I’ve heard you tell the story of being offered your role in the Marvel Cinematic Universe while at your child’s laser tag birthday party. You wound up doing six films. I can’t imagine anyone truly expected quite the level of success all of those films would go on to achieve. Was there a moment there when it started to hit you just what a major cultural thing that was going to be moving forward? 

DC: I think it just kept being bigger and bigger, more and more, up to Avengers: Endgame being the biggest movie that’s ever been made – the most profitable movie ever and all of that. No one saw that coming, clearly, twelve years ago. There were cool comic books and a cool character to anchor it around with Robert Downey Jr. as Iron Man – and then the thing just took off. 

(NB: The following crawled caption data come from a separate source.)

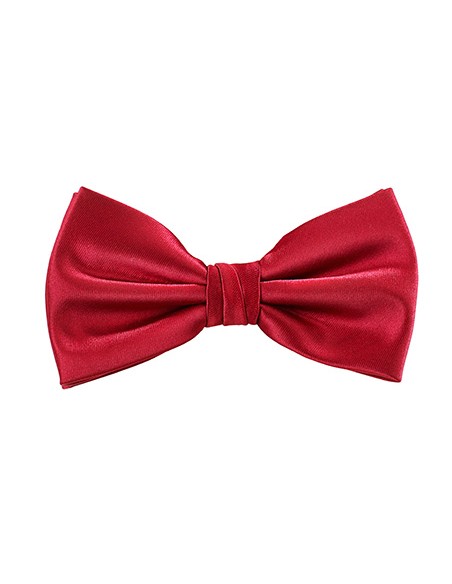 T-TT904-Satin Bow Tie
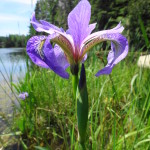 A close-up photograph of a purple iris in bloom on the shore of the Snye River.
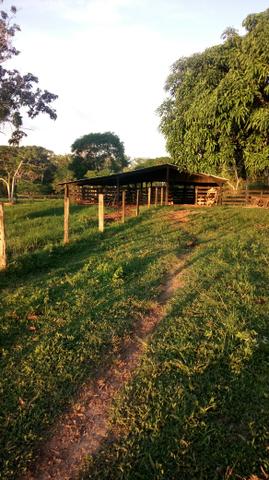 Propriedade rural - Foto 4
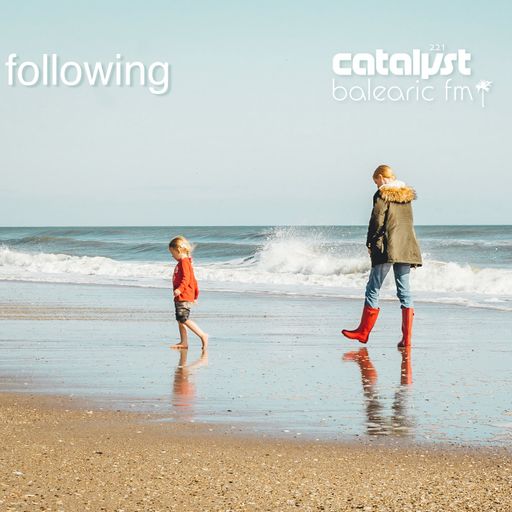 following (catalyst, 221)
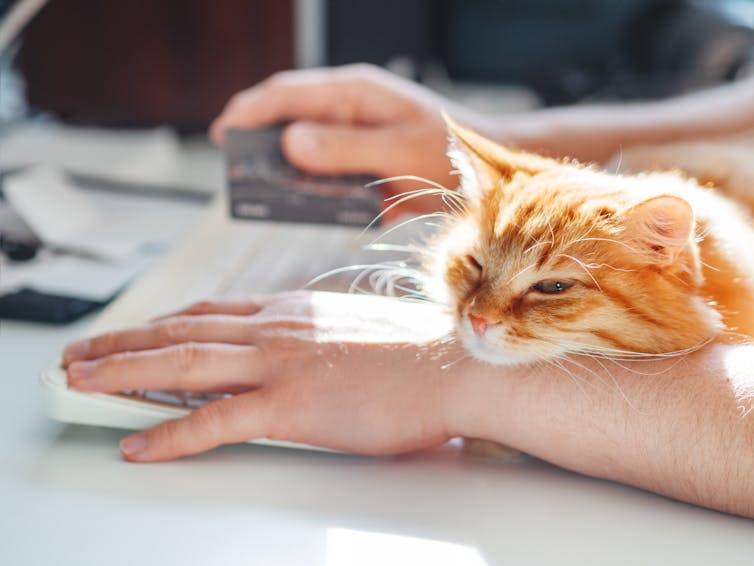 Close up of a person typing on a computer with their credit card in one hand, and a ginger cat snuggling on their other arm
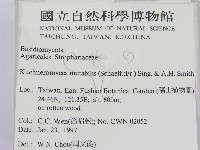 登錄號:F0007462藏品圖，第2張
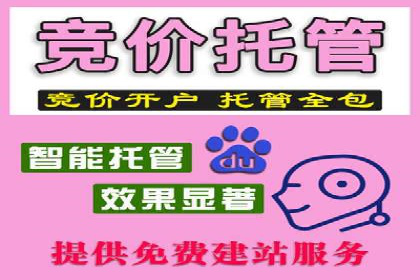 sem竞价托管代运营——广告优化的典范案例
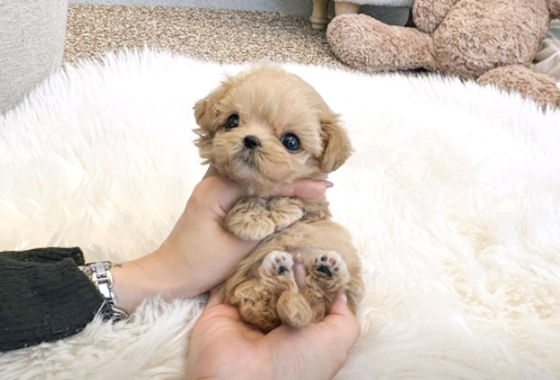 d3ba6130c81e9eb2a832ab9ddc76b1e3_1759134651_8798.jpg d3ba6130c81e9eb2a832ab9ddc76b1e3_1759134651_8798.jpg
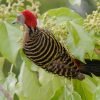 Birdwatching in Los Haitises National Park — изображение 48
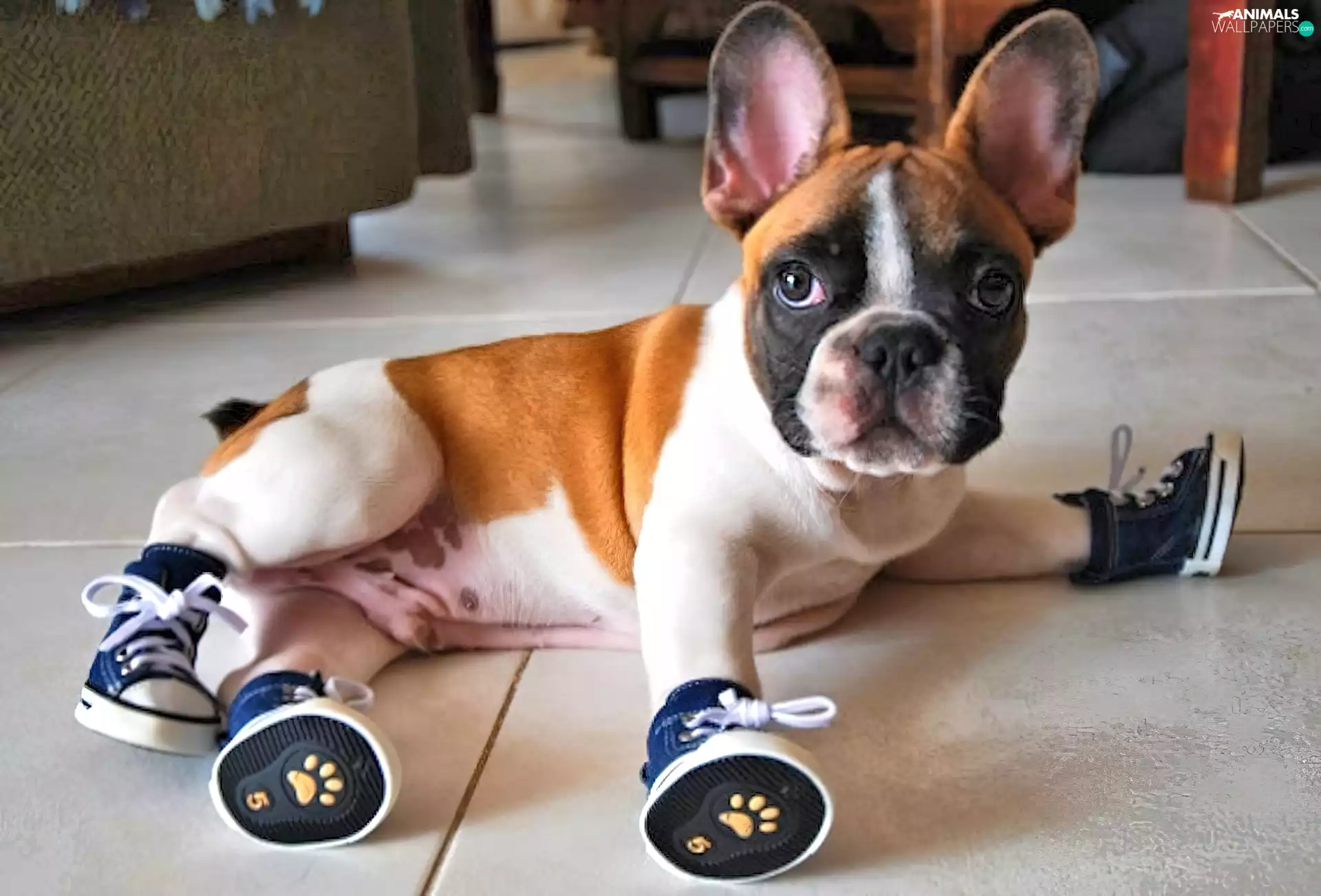French Bulldog, dog, sneakers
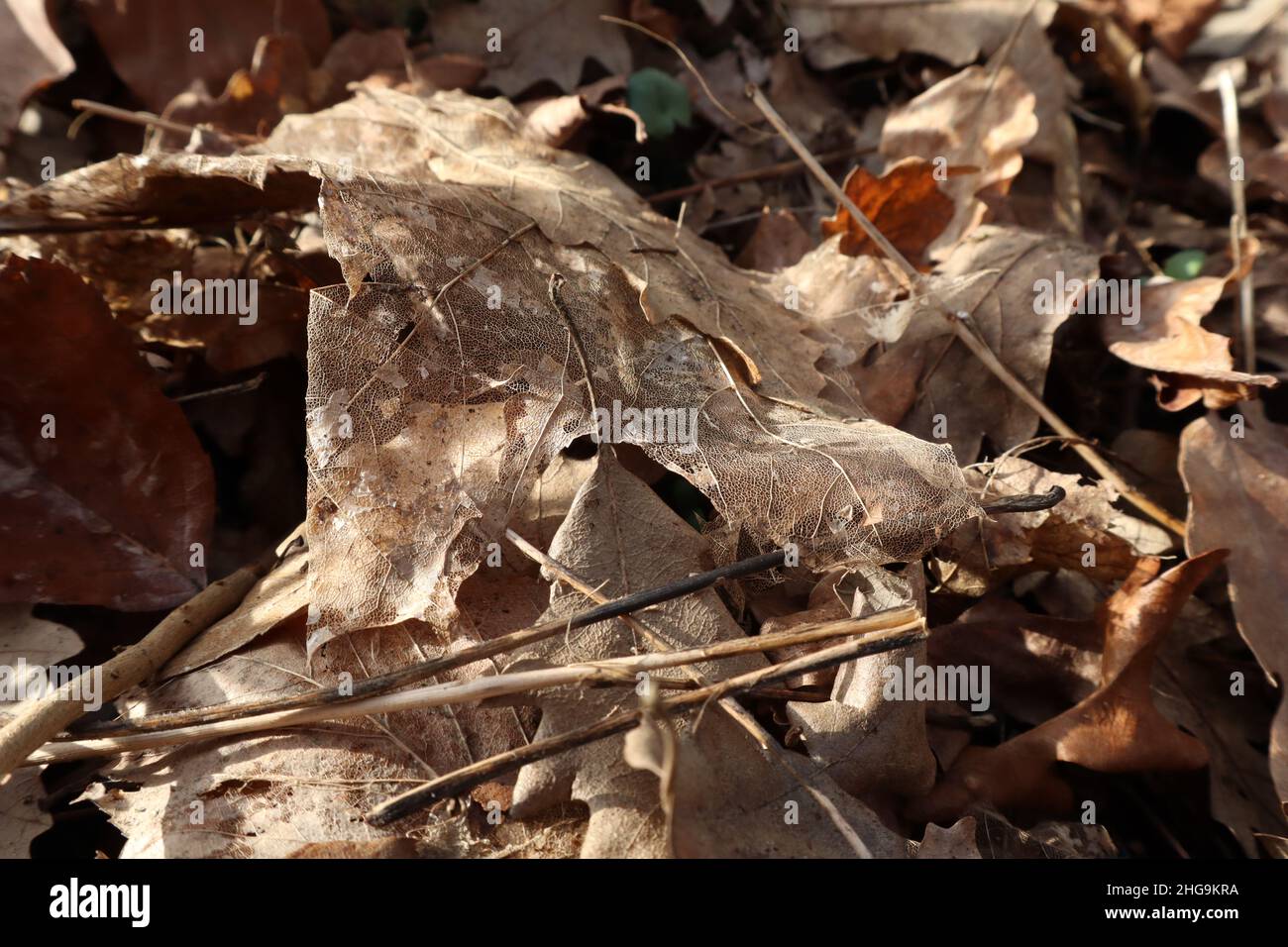 Feuilles en décomposition sur le sol de la forêt Banque D'Images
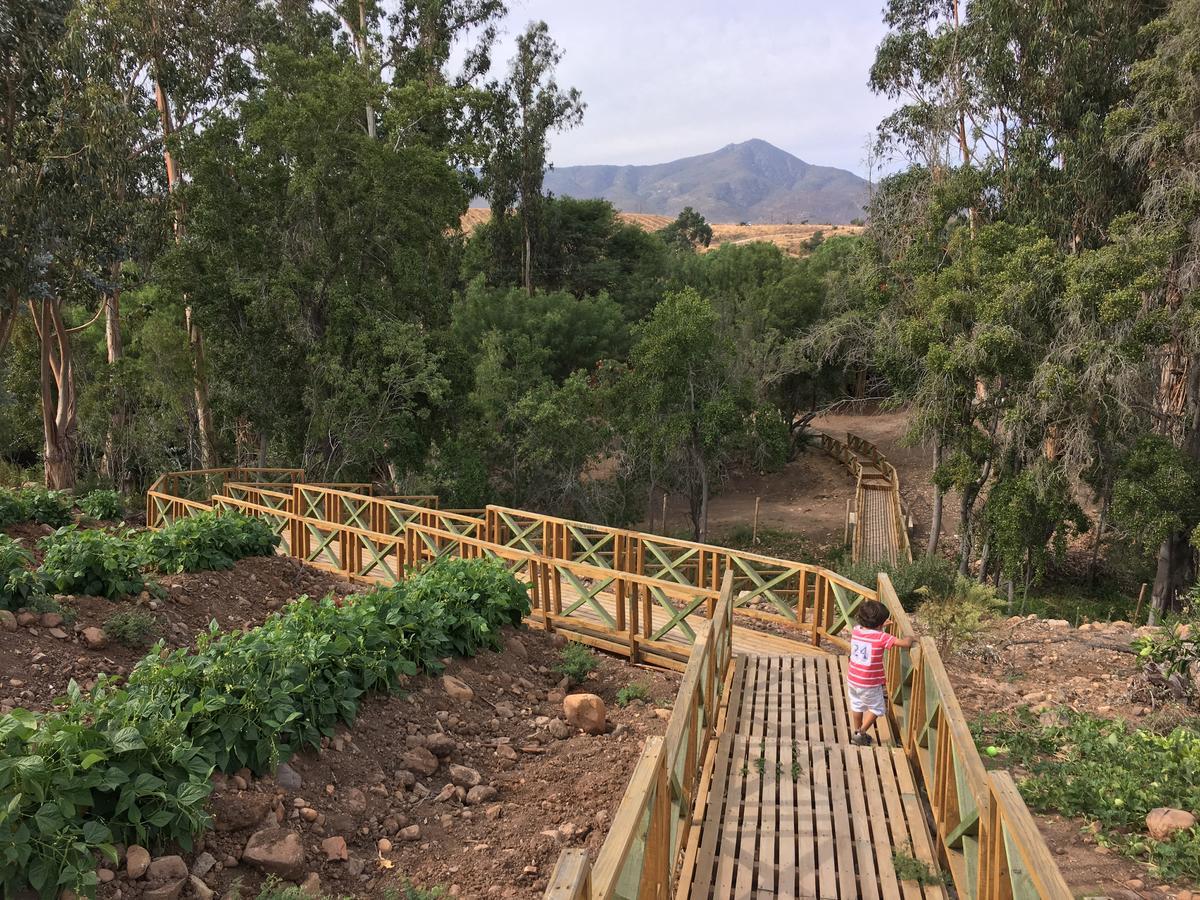 מלון אובאייה Hacienda Santa Cristina מראה חיצוני תמונה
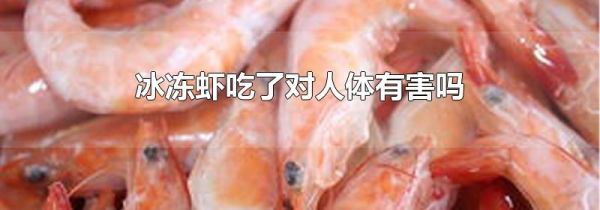 冰冻虾吃了对人体有害吗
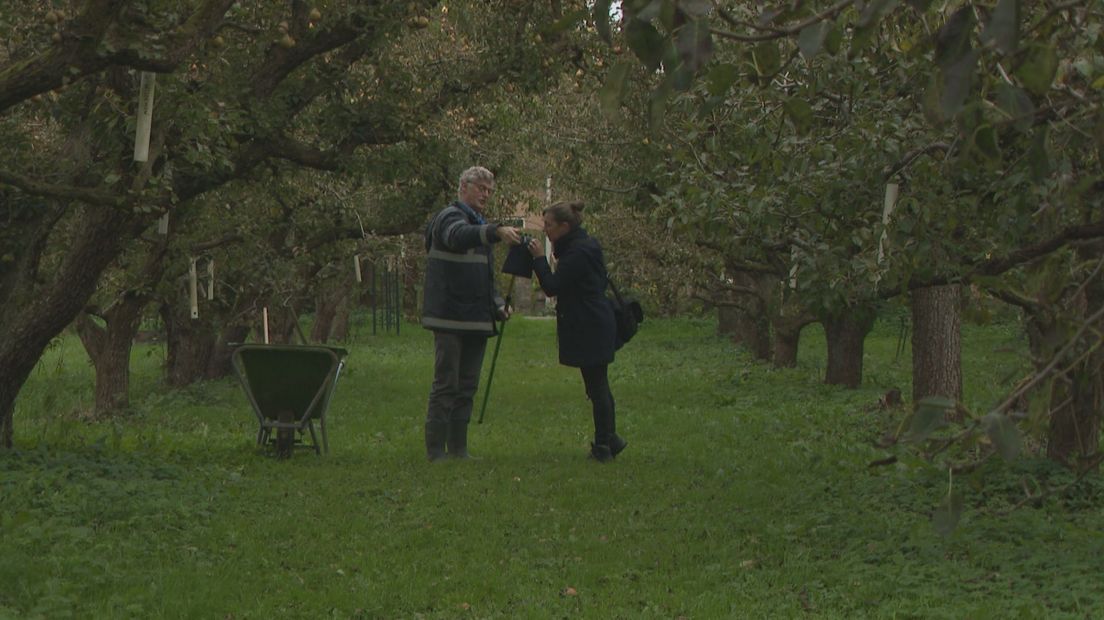 Het verhaal van de oeroude Perenboomgaard in Olst (Gerlinde Schrijver)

And now, with the Disney+ shows and all of the different ways to continue to move forward with these characters and find all of these different ways to explore with them and have them show up in each other’s storylines, it keeps expanding. 

So I don’t think we’ve seen anywhere near the end of the potential of what this is. It’s an amazing juggernaut.

Speaking of Disney+, what’s it been like figuring out what stories are left to tell with that character as work begins on Armor Wars?

DC: It’s in a very nascent stage of it. We’re just about to start, coming up here the beginning of this year, to start to answer those questions: What is there to tell? 

I think with Rhodey, there is a lot of room to explore and a lot of landscape that we haven’t even begun to navigate with him. So I’m hopeful that we’re going to get into his personal life, his relationships, and really understand who he is, what his MO is. How he’s walking this line between being a military person, and really his fealty to that versus what he’s going to have to do, potentially, as a citizen in actions that won’t be sanctioned by the military to go get this armor back. And what his moral code’s going to be.

So that’s all stuff that we’re going to be looking forward to jumping into once we get in the spring.

You’ve teamed up again with Steven Soderbergh for the film No Sudden Move. From the Ocean’s movies through to this latest one, what’s that relationship been like between the two of you working together on so many pictures now?

DC: Steven has been a cool collaborator. We also have a series in development. It’s been amazing. He’s always been someone that I can go to and kind of chop stuff up about what we’re doing creatively. We always have each other in mind, trying to figure out ways to keep the relationship going.

And it’s at a point now where there’s never been more places to sort of use our voices in terms of how much streaming there is, places that want these kinds of stories that we’re telling.

So it’s a relationship that’s continued now for many, many years and I’m appreciative of it.

I write about a lot of music. And we’ve seen the role of music evolve, from the socially conscious folk tradition through to today where you don’t see as much music with a message and, when you do, it seems harder for it to resonate. But from Darfur to the last four years, you’ve never been afraid to speak your mind. How important is it today to take advantage of the platform you have and use it for good? 

DC: I think we’ve seen the effect of that, not just from me but from a lot of people, for sure on social media, who have a big voice so to speak – mine not nearly as big as a lot of those people on the platform.

We’ve also seen it not just in this country but all over the world. Look at what’s happening in Russia. That’s astounding. People are finding their collective voices and attempting to move their communities and move things – and not always in a positive way, as we saw what happened in our own country on January 6

But people are trying to find their voice and are trying to become a part of the process and aren’t just sitting back saying, “Well, I can’t do anything.” Which is that sort of ennui and sort of disaffected nature of how we’ve looked at our government that has been the reason why we’ve gotten to a lot of these places where people are struggling to make ends meet and can’t put food on the table. 

So I’m glad that people are now engaged and are awake and aware and are attempting to take control of their own destinies in that way.